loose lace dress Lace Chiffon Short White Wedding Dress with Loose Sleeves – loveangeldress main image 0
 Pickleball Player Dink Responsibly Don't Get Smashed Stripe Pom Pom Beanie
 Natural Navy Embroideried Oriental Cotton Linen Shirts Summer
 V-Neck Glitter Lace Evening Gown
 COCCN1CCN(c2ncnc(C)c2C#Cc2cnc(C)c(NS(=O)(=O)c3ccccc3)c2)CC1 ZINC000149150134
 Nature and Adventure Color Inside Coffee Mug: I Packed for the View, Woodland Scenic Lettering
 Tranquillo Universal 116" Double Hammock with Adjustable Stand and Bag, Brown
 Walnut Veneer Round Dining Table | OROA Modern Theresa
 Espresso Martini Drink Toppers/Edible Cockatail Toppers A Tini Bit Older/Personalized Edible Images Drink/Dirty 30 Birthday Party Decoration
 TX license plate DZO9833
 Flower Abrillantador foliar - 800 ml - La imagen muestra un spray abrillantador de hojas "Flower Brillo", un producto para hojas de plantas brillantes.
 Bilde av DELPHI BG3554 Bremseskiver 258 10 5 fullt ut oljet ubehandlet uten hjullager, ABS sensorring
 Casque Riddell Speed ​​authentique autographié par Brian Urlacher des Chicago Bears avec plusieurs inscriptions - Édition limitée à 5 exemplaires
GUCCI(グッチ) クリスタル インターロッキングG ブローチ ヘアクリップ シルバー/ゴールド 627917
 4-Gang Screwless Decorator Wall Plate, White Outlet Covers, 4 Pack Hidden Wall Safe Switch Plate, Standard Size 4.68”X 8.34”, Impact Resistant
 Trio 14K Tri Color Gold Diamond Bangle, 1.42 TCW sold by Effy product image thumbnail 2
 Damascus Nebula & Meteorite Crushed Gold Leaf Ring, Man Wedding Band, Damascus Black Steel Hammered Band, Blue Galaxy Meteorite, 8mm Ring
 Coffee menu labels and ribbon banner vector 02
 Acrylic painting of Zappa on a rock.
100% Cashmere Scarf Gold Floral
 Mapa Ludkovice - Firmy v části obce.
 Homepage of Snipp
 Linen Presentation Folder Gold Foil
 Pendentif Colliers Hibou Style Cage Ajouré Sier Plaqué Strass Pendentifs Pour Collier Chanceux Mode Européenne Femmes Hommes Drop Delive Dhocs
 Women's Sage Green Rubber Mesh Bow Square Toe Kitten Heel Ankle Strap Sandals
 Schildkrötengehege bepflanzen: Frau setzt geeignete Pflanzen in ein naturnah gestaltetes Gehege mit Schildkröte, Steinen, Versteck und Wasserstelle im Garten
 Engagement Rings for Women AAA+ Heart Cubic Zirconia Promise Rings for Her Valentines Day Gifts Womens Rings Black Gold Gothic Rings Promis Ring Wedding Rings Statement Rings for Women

········

DIRECTIONS » Only the lines from the first line of the records through the one containing "Nature and Adventure" should be reproduced, exactly, with both of them included.

SOLUTION »
loose lace dress Lace Chiffon Short White Wedding Dress with Loose Sleeves – loveangeldress main image 0
 Pickleball Player Dink Responsibly Don't Get Smashed Stripe Pom Pom Beanie
 Natural Navy Embroideried Oriental Cotton Linen Shirts Summer
 V-Neck Glitter Lace Evening Gown
 COCCN1CCN(c2ncnc(C)c2C#Cc2cnc(C)c(NS(=O)(=O)c3ccccc3)c2)CC1 ZINC000149150134
 Nature and Adventure Color Inside Coffee Mug: I Packed for the View, Woodland Scenic Lettering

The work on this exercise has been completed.